**STORED DATA**
^^^^^^^^

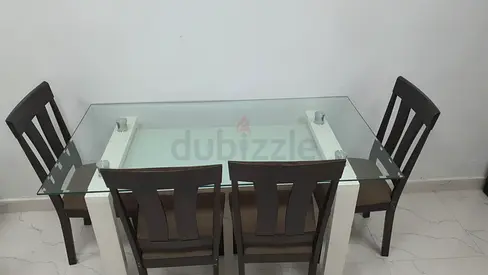 Glass Top Dining Table with 4 Dark Wood Chairs - Good Condition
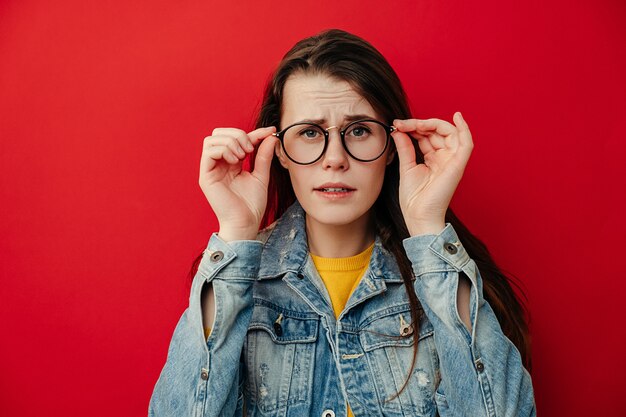 Jovem chocada mantém as mãos na borda dos óculos parece com suspiros de expressão omg de choque, ouve notícias incríveis, usa jaqueta jeans, isolada em um fundo vermelho com espaço de cópia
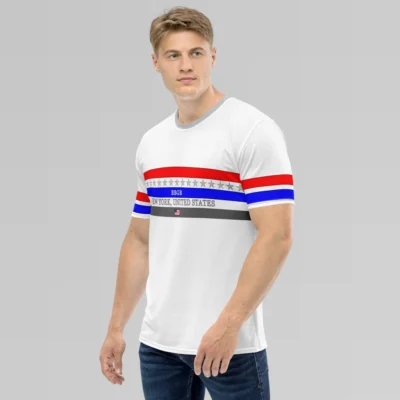 Male model looking straight-left, angled to the right, wearing the New York United States Luxurious Tee from BigBabyGorillaBear.Com, on a hanger. The shirt has three bands across the chest (red, blue, and dark grey). Light grey stars span across and in between the red and blue bands. a white "BBGB" is centered inside the blue band. Light grey "New York, United States" is centered between the blue and dark grey bands. in the center of the dark grey band is a small American flag, centered. The sleeves have red and blue stripes, with a black outline.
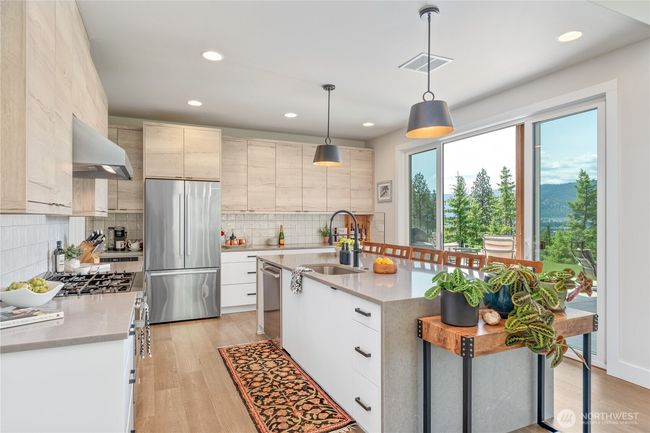 Enjoy seamless indoor-outdoor living with direct access to the expansive covered rear patio, ideal for entertaining against a stunning mountain backdrop | Image 9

^^^^^^^^

**TASK DETAILS**
The task requires the full listing to be given again verbatim, without its pictures.

**SOLUTION BELOW**
 Glass Top Dining Table with 4 Dark Wood Chairs - Good Condition
 Jovem chocada mantém as mãos na borda dos óculos parece com suspiros de expressão omg de choque, ouve notícias incríveis, usa jaqueta jeans, isolada em um fundo vermelho com espaço de cópia
 Male model looking straight-left, angled to the right, wearing the New York United States Luxurious Tee from BigBabyGorillaBear.Com, on a hanger. The shirt has three bands across the chest (red, blue, and dark grey). Light grey stars span across and in between the red and blue bands. a white "BBGB" is centered inside the blue band. Light grey "New York, United States" is centered between the blue and dark grey bands. in the center of the dark grey band is a small American flag, centered. The sleeves have red and blue stripes, with a black outline.
 Enjoy seamless indoor-outdoor living with direct access to the expansive covered rear patio, ideal for entertaining against a stunning mountain backdrop | Image 9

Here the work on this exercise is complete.